Although Jitendra posted here, I did not receive any direct or further communication, however…
The hover link has been removed completely from my name at the top of my comment (although you can still see the SezWho url, inside javascript, on the footer bar in either IE7 or Firefox)
The hover link over my name at the foot of the post has been changed completely to read verabass.blogspot.com. These changes appear to have been applied across the board.

Dear Jitendra and SezWho,
I may be just a blip of traffic in your stats, but I’m still an actual human being using services that you guys develop and promote. Respectful behavior is appreciated by people like me. It wasn’t optics that I expressed concern about, and transparency is usually a better policy.
Vera

A Comment On SezWho

Monday, July 30th, 2007

Last week I posted on the Conversation on Comments, and talked, among other things about the rating by strangers aspect of SezWho. Being rated doesn’t bother me personally, but it does not strike me as a way to promote more conversation, and having a ‘reputation’ number assigned by unseen parties who may or may not even be participating makes me uncomfortable.

There are already plenty of reasons that cause 90% of open forum and comment readers to lurk, whereas the participation numbers in closed forums are something like 80%. (I can’t find the exact numbers or source on this, but when/if I do, I’ll edit this post here to add it.)

Today I made my first Sezwho comment, on the Read/Write Web post about information silos, and discovered something else that I’m not too happy about, which is that the poster’s name link to a url is no longer direct. It either goes through SezWho, or gets logged by them. I’m wondering how that improves comment conversation.

Aren’t there enough people tracking us already? Capturing commenters’ identities as part of aggregating their comments makes sense to me. More than that I’m not happy about. I realize that coComments, which I’m trying out, has similar aspects. The difference, to me, is that I make the choice to use coComment or not. I’m also musing on whether we’ll see any shift in the makeup of regular commenters with SezWho in favor of those who find this form of incentive appealing.

The primary feature of SezWho, which is a profile showing other comments made by the same poster, is attractive at first. I got to thinking, though, that if I make a comment of support to a friend on a more personal topic, it doesn’t always belong among comments I make on business discussions. So the feature makes me think about holding back on one or the other. It would seem that the alternative is more anonymity, and you know how I feel about that.

To improve the conversation further, my subject comment was then quoted (with a link/attribution to me) on a closed forum blog that it appears I’d have to register for to read. Maybe I’ll get an invitation.

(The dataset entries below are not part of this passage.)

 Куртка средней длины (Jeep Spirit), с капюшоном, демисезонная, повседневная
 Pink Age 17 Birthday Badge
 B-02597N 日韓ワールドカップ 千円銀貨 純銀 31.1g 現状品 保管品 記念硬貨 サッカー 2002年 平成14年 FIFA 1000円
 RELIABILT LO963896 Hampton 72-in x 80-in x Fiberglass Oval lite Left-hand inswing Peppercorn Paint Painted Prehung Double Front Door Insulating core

How much time do you spend really talking to Users?

Monday, July 30th, 2007

Last week there was a surge of conversation about the term user.
Here are some links.

In First we trashed “consumers”, now we’ve effed up “users”, Antonio said,
“…every little company looking to make a similar run has a board full of investors asking the same question every month: “how many users have you got?” …The bummer about it is not the use of the term— but rather how much the constant focus on growing the pool of users quickly distorts any connection that the word user actually has to a real breathing person, even in startups that claim to be “user-centric.”

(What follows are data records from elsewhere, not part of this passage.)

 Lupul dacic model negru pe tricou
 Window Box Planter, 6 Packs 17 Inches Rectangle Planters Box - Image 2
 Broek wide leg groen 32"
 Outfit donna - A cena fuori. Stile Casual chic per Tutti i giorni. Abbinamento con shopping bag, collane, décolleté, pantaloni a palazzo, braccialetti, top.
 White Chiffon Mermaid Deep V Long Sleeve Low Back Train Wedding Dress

The conversation swelled to a point of calling for bloggers to post a promise to blackball the term users, with a few bloggers and commenters noting that they were proud of being users and didn’t mind the term. There were also few challenges posted to come up with a better, substitute term.

There was a lot of really passionate feeling at the heart of this conversation from developers who protest the reduction of human beings to a term or a blip of data, yet there was little conversation about who the users are, only about what to call them.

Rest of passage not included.